DATA PROVIDED Block Start
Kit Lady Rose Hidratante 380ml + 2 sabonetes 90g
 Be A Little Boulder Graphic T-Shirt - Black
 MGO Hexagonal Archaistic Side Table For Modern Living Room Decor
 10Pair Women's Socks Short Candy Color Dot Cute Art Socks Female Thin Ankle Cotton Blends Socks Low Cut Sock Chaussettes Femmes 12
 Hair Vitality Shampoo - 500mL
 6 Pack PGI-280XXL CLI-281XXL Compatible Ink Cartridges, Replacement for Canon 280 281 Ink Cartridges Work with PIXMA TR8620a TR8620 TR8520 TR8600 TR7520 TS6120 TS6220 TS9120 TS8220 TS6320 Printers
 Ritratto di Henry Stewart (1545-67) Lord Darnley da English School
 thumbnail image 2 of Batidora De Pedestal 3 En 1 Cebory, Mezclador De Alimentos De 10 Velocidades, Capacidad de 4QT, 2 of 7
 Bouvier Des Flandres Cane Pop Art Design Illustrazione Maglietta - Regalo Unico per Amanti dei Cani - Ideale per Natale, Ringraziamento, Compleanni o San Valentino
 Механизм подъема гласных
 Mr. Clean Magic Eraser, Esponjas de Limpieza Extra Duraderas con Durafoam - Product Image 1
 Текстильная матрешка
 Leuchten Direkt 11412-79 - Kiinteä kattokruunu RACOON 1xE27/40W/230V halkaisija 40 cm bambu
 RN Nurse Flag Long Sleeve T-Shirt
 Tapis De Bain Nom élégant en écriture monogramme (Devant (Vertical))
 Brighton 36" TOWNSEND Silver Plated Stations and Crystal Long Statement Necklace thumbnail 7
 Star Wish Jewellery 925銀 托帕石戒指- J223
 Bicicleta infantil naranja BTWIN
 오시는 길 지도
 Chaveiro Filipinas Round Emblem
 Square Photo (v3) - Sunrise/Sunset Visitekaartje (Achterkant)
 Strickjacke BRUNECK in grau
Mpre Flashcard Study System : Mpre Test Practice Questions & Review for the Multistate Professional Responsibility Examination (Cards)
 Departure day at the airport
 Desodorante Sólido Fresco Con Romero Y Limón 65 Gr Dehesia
DATA PROVIDED Block End
Please give the number of lines in the data above where the word "Shirt" appears, and nothing besides.

### RESPONSE TO THIS TASK
2